> [Provided information]
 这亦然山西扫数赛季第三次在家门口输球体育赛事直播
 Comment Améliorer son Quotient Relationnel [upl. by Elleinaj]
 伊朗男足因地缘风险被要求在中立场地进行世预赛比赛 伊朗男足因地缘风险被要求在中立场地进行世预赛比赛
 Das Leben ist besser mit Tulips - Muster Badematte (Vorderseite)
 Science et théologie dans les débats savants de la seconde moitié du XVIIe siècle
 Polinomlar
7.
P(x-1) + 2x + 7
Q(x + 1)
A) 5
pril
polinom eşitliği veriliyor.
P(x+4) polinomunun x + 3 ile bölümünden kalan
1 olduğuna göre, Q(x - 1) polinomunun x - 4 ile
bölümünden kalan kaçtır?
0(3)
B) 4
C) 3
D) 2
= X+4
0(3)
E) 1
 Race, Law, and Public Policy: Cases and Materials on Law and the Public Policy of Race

...

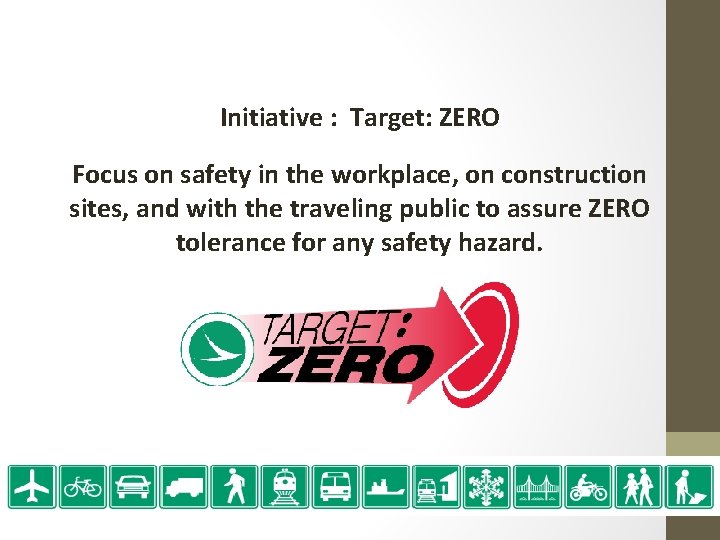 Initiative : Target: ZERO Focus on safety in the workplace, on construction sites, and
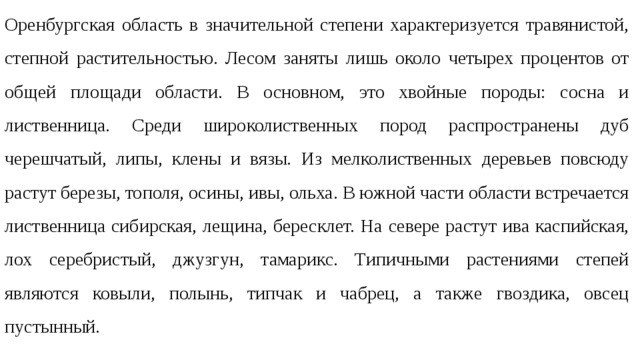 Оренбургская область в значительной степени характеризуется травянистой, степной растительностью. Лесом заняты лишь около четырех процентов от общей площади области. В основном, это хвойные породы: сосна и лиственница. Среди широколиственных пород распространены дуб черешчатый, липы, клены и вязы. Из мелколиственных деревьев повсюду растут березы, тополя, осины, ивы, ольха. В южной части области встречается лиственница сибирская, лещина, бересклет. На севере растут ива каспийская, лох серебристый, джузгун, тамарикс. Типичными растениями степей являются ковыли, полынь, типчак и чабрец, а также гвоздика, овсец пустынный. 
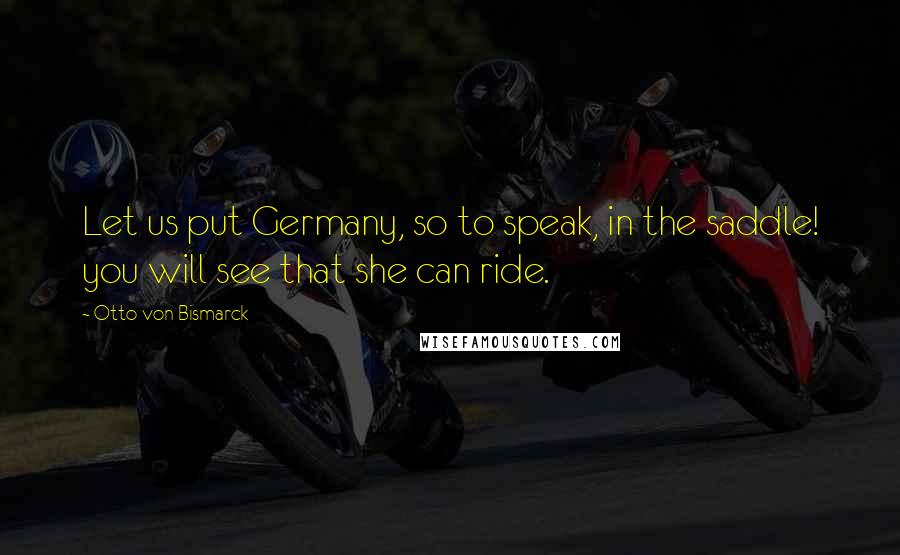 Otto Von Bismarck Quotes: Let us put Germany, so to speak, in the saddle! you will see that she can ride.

> [What you have to do] Everything in the material above from the line that has "这亦然山西扫数赛季第三次在家门口输球体育赛事直播" through the line that has "Race, Law, and" must be duplicated exactly, with no other lines given.

> [Exercise answer]
 这亦然山西扫数赛季第三次在家门口输球体育赛事直播
 Comment Améliorer son Quotient Relationnel [upl. by Elleinaj]
 伊朗男足因地缘风险被要求在中立场地进行世预赛比赛 伊朗男足因地缘风险被要求在中立场地进行世预赛比赛
 Das Leben ist besser mit Tulips - Muster Badematte (Vorderseite)
 Science et théologie dans les débats savants de la seconde moitié du XVIIe siècle
 Polinomlar
7.
P(x-1) + 2x + 7
Q(x + 1)
A) 5
pril
polinom eşitliği veriliyor.
P(x+4) polinomunun x + 3 ile bölümünden kalan
1 olduğuna göre, Q(x - 1) polinomunun x - 4 ile
bölümünden kalan kaçtır?
0(3)
B) 4
C) 3
D) 2
= X+4
0(3)
E) 1
 Race, Law, and Public Policy: Cases and Materials on Law and the Public Policy of Race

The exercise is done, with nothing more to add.